Web page caption snippets:
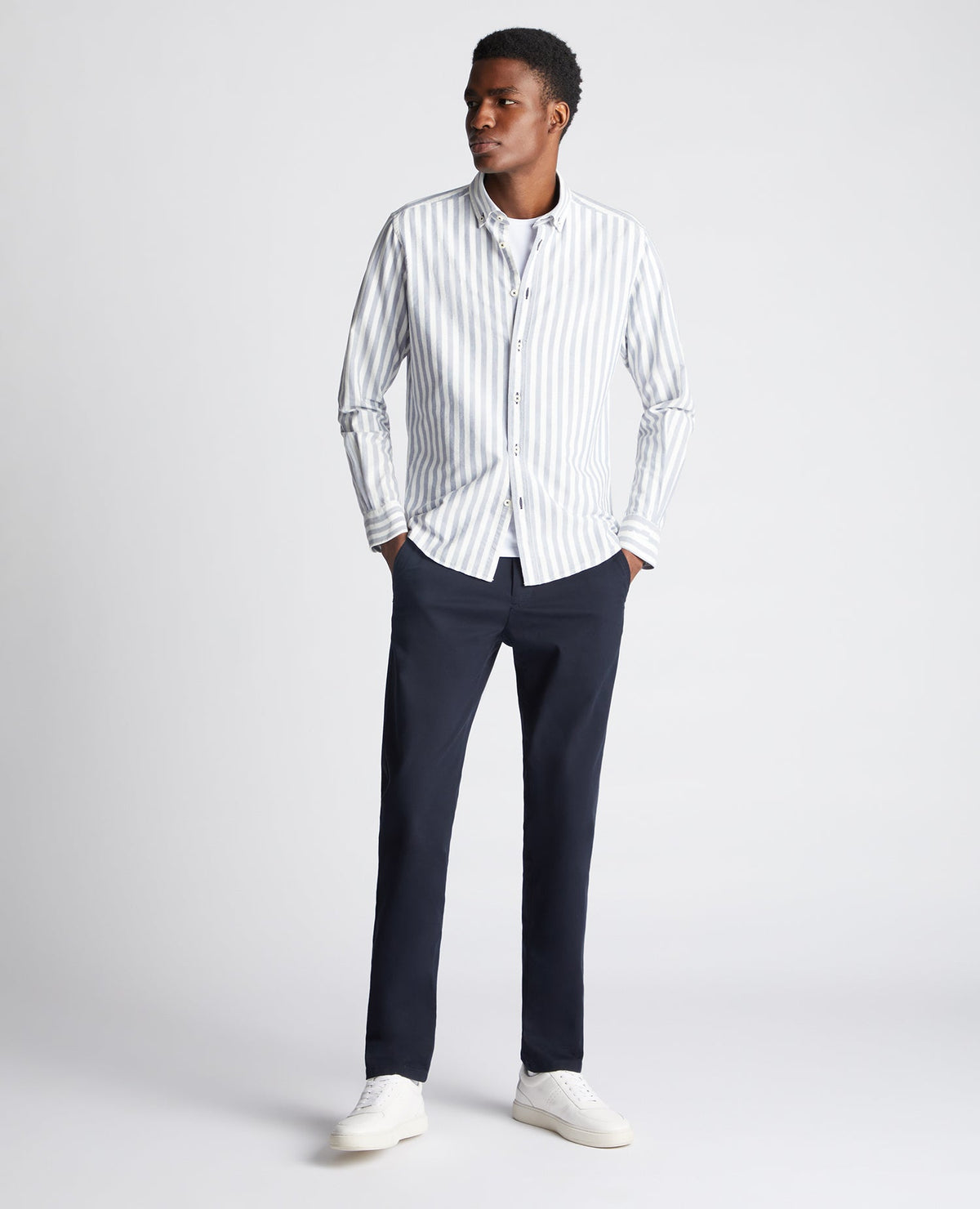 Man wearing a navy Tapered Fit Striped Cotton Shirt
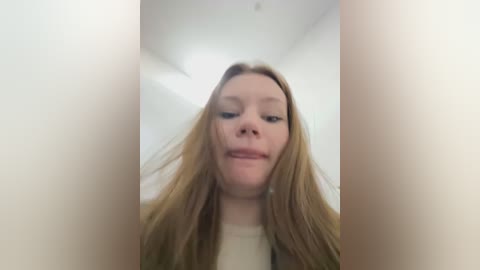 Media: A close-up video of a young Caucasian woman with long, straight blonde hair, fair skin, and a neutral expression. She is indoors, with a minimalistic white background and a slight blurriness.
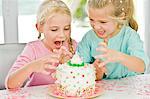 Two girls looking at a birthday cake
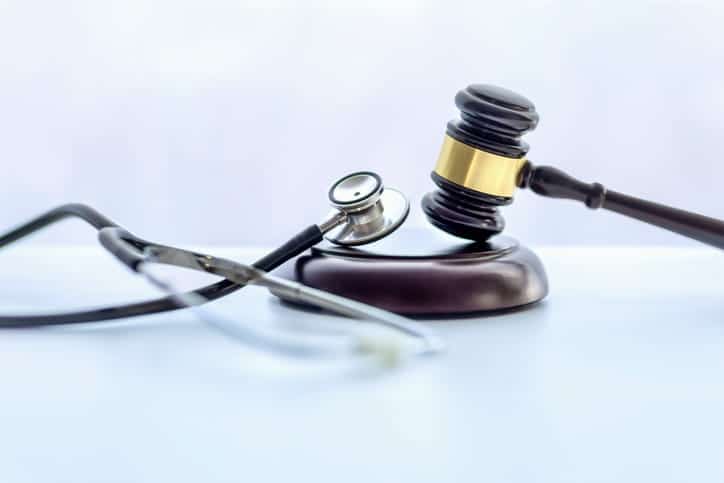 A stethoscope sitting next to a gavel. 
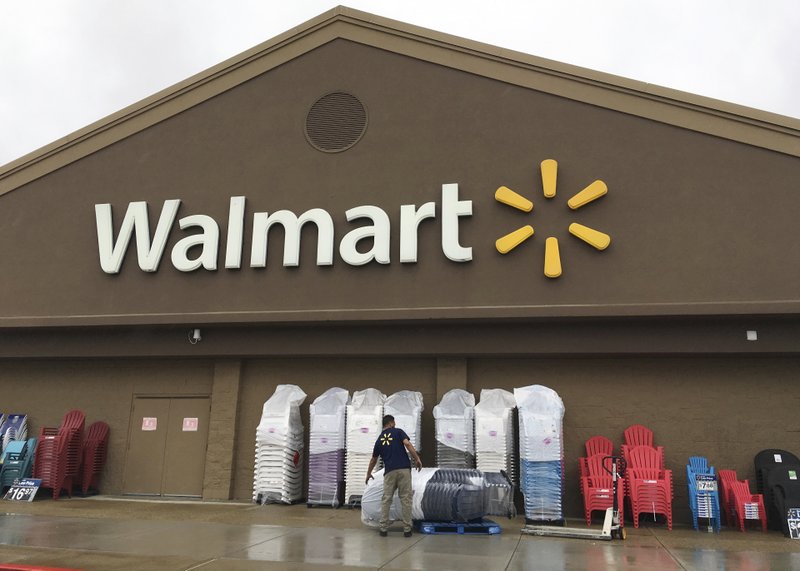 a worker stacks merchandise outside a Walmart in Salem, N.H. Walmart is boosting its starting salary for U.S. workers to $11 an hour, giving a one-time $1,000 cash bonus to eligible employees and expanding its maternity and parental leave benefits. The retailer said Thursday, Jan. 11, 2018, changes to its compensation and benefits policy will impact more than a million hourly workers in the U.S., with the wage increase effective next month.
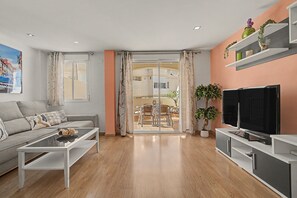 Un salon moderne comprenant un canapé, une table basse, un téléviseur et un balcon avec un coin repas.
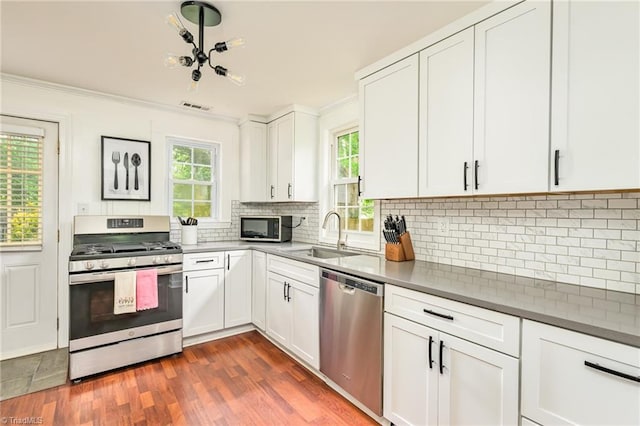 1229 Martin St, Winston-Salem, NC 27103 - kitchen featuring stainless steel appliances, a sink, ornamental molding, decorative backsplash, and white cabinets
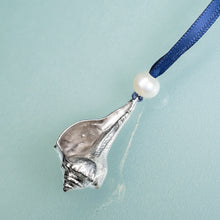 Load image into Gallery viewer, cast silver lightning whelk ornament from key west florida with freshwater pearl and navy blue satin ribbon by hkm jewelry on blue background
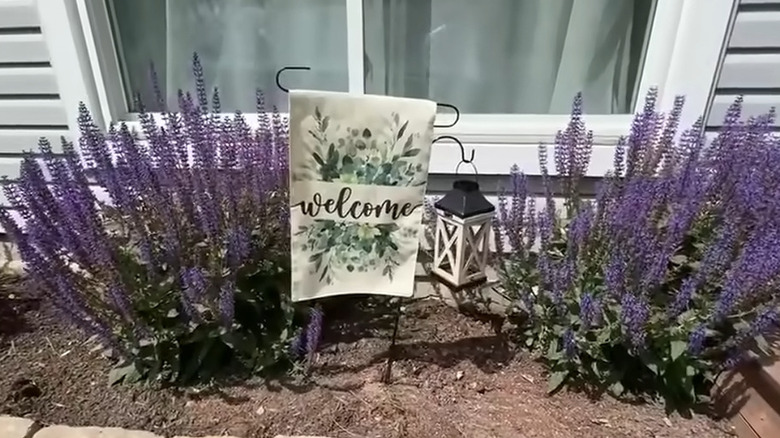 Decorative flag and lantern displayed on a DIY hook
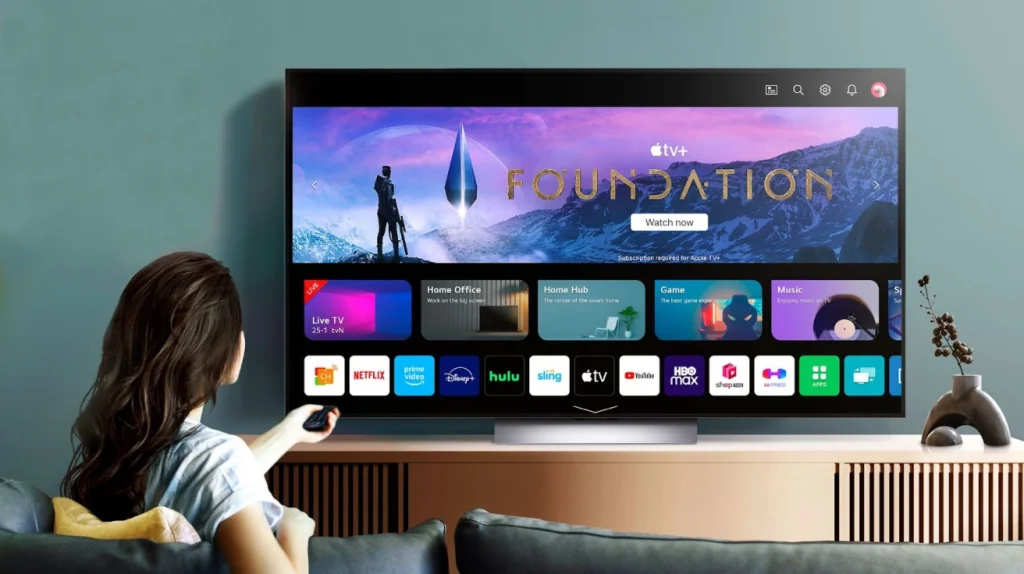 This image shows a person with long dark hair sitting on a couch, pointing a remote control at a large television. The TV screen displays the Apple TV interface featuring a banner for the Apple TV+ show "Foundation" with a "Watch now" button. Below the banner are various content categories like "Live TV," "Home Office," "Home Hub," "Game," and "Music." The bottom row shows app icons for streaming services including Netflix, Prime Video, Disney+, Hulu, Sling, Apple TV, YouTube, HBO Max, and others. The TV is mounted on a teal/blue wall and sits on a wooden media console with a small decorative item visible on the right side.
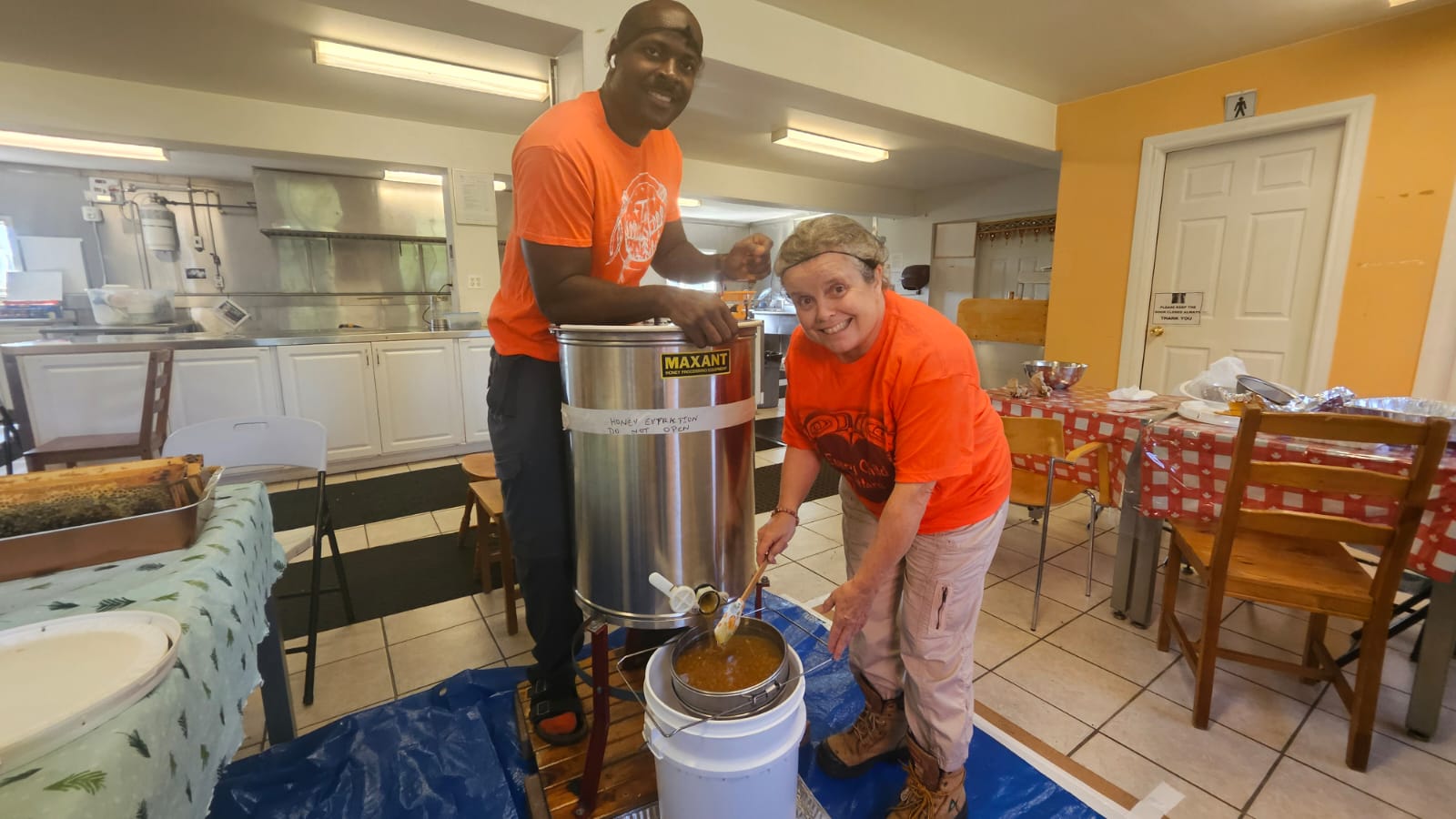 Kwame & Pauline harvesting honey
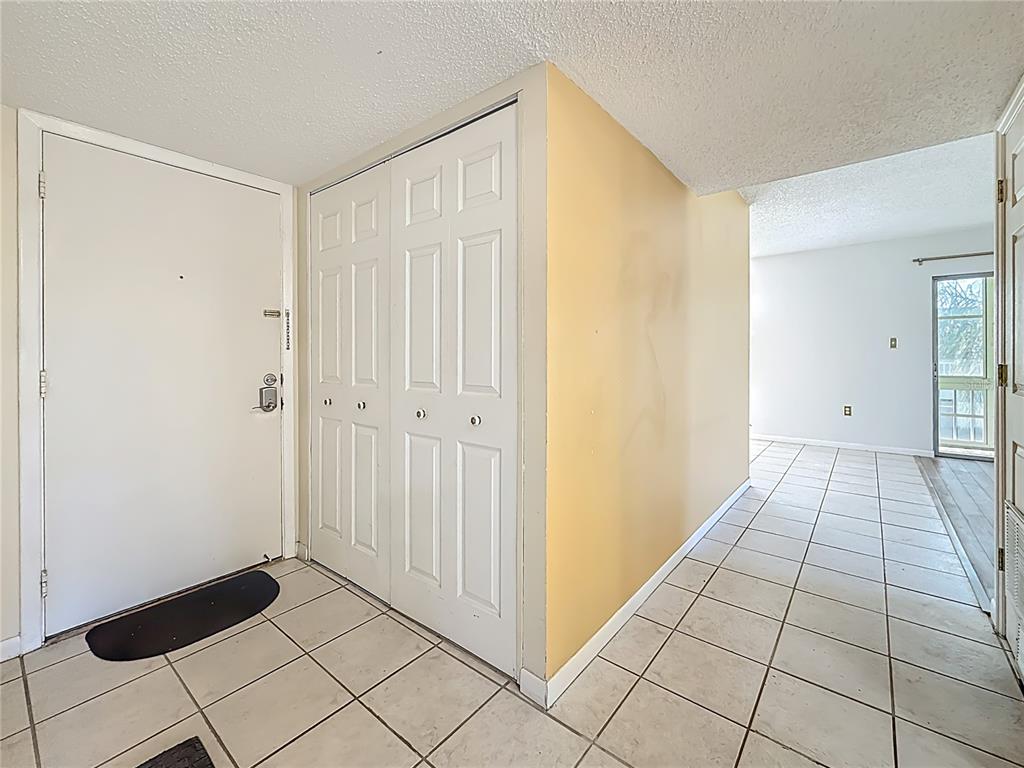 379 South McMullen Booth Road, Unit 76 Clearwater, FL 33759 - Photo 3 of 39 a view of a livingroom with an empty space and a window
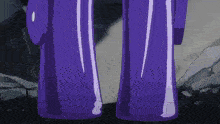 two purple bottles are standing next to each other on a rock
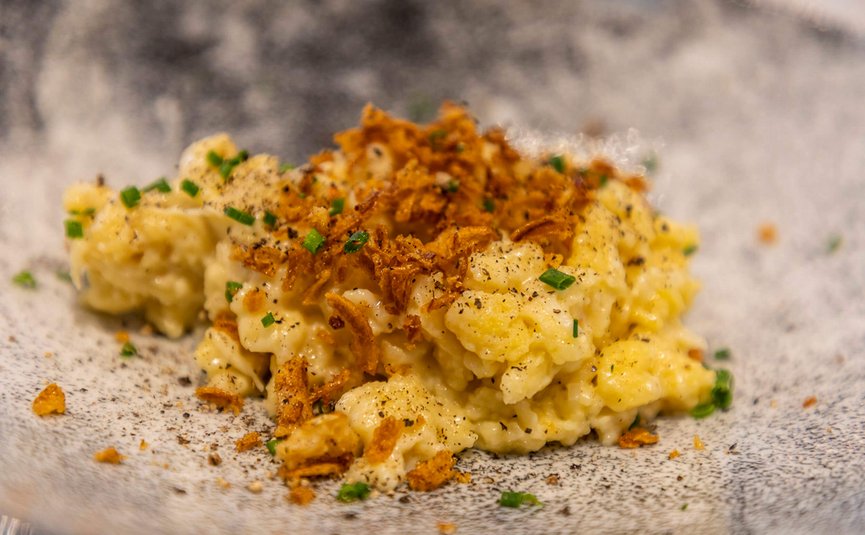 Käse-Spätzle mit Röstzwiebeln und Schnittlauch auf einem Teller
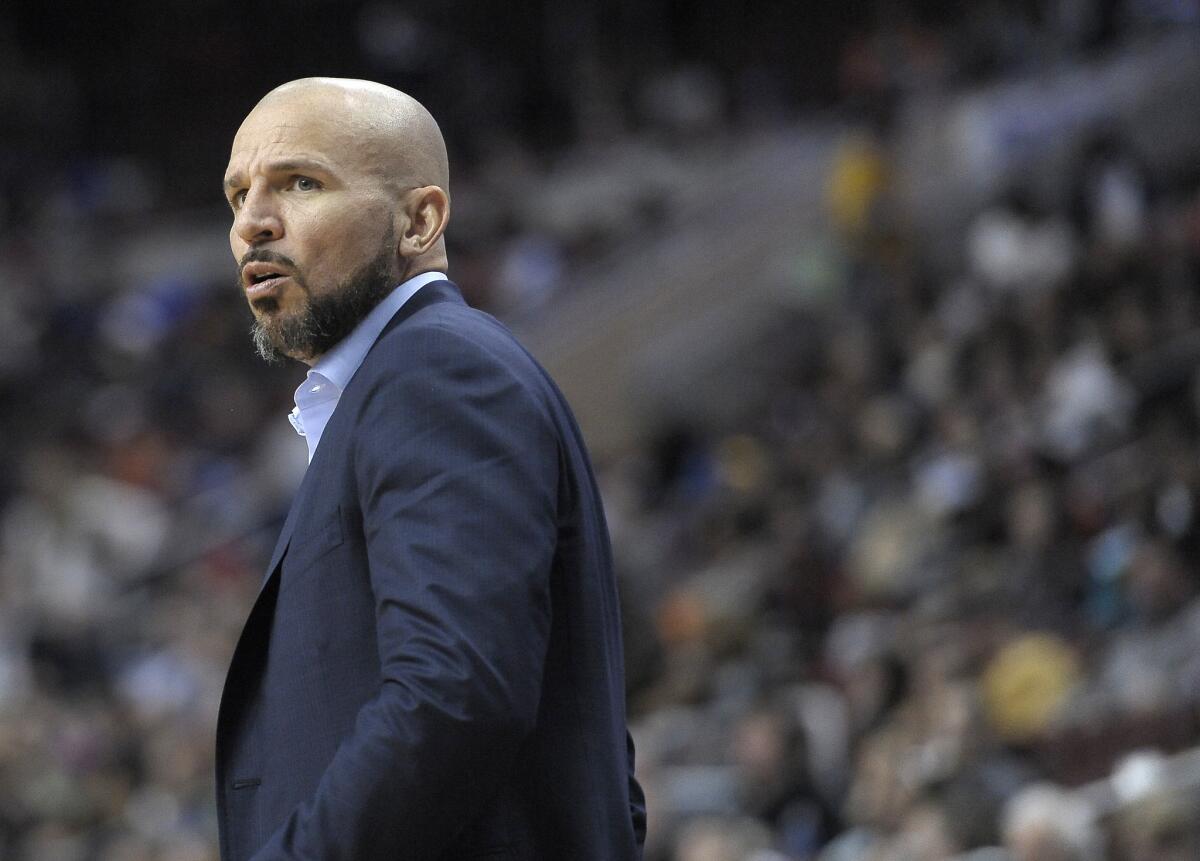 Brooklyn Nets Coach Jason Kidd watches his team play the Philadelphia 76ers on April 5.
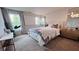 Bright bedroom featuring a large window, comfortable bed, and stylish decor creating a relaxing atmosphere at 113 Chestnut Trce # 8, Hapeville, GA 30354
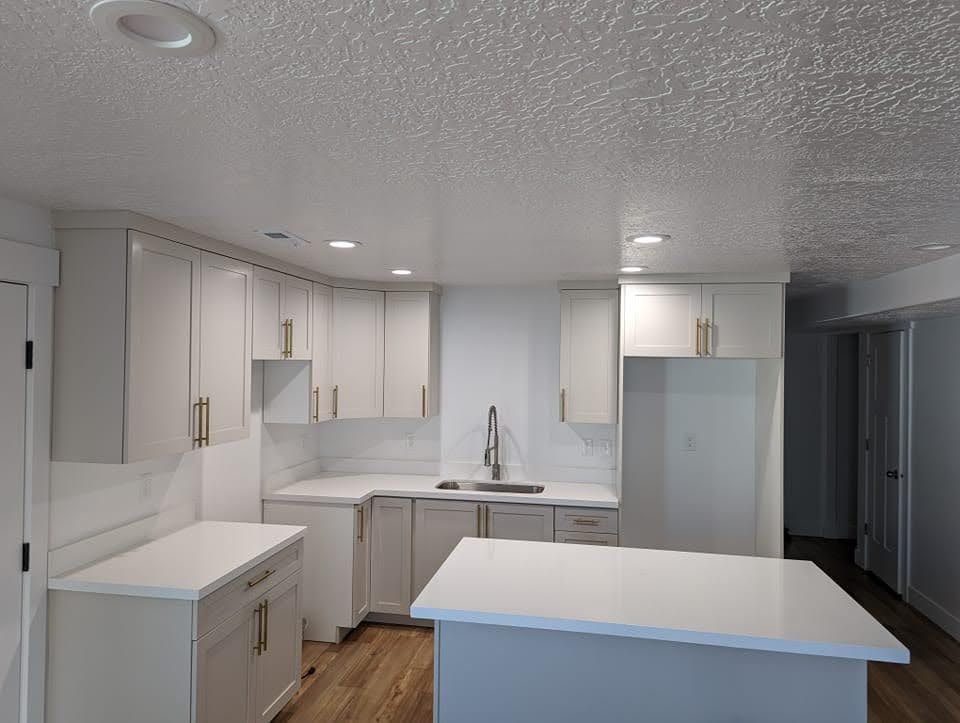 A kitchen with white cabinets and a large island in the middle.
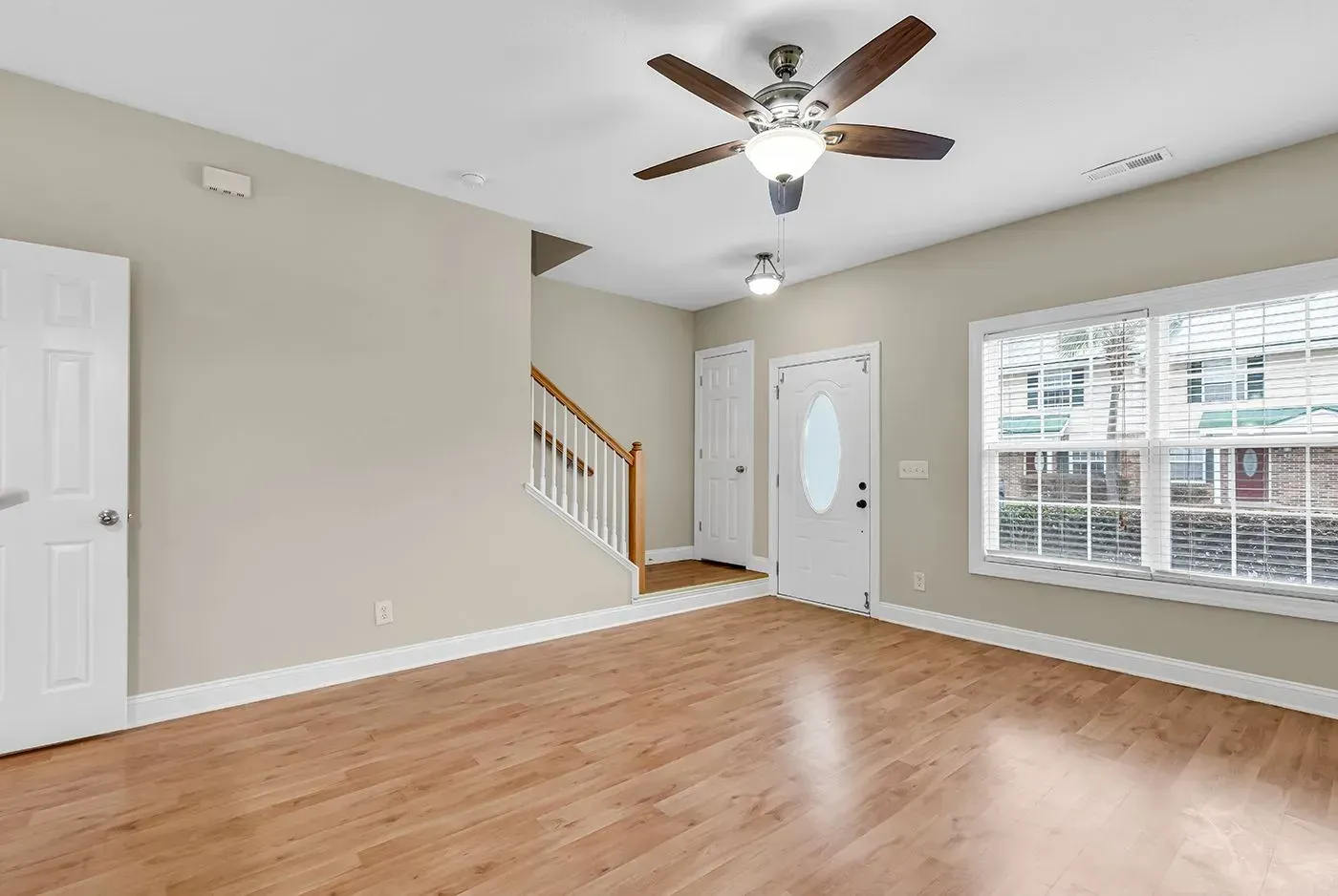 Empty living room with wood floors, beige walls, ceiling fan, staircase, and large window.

TASK ITEM: In the copy, leave out all pictures, and retype exactly each line from the one with "two purple bottles" through the last line of the entries.

EXERCISE SOLUTION:
 two purple bottles are standing next to each other on a rock
 Käse-Spätzle mit Röstzwiebeln und Schnittlauch auf einem Teller
 Brooklyn Nets Coach Jason Kidd watches his team play the Philadelphia 76ers on April 5.
 Bright bedroom featuring a large window, comfortable bed, and stylish decor creating a relaxing atmosphere at 113 Chestnut Trce # 8, Hapeville, GA 30354
 A kitchen with white cabinets and a large island in the middle.
 Empty living room with wood floors, beige walls, ceiling fan, staircase, and large window.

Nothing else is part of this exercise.